EXERCISE INSTRUCTIONS: All of the listing below must be repeated word for word. Pictures are the only thing to omit.

SOURCE MATERIAL:
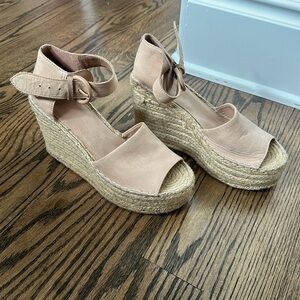 Alida Soft Blush Pink Wedge Espadrille Ankle Strap Sandals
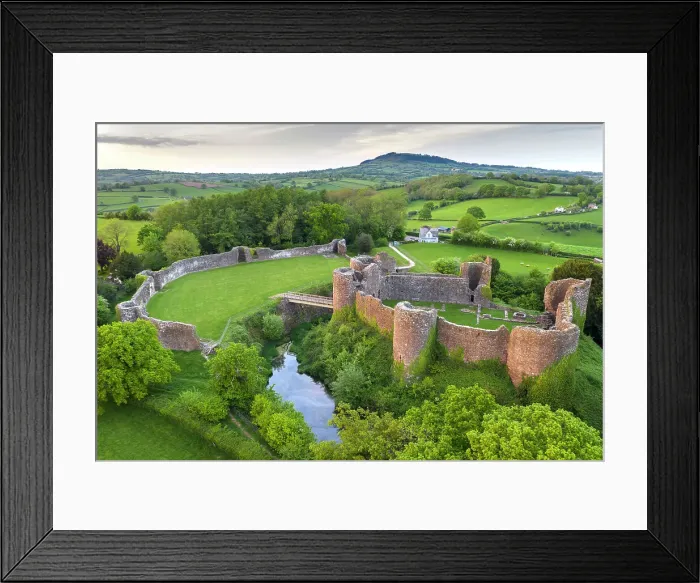Framed Print : Aerial view of the ruins of White Castle, one of the Three Castles in Monmouthshire, Wales, UK. Spring (May) 2022 Framed Print : Aerial view of the ruins of White Castle, one of the Three Castles in Monmouthshire, Wales, UK. Spring (May) 2022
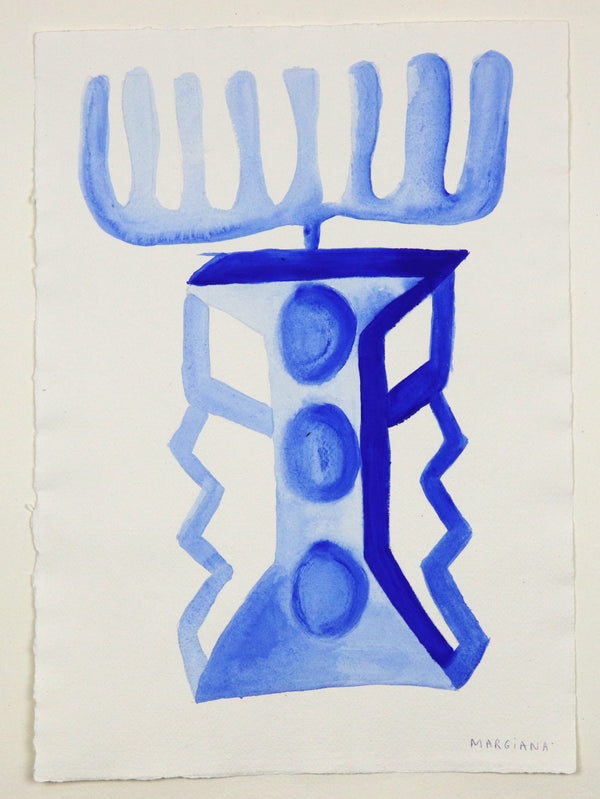 Margiana-original-painting-acrylic-on-paper-blue-vase-studyII-cuemars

YOUR SOLUTION:
 Alida Soft Blush Pink Wedge Espadrille Ankle Strap Sandals
Framed Print : Aerial view of the ruins of White Castle, one of the Three Castles in Monmouthshire, Wales, UK. Spring (May) 2022 Framed Print : Aerial view of the ruins of White Castle, one of the Three Castles in Monmouthshire, Wales, UK. Spring (May) 2022
 Margiana-original-painting-acrylic-on-paper-blue-vase-studyII-cuemars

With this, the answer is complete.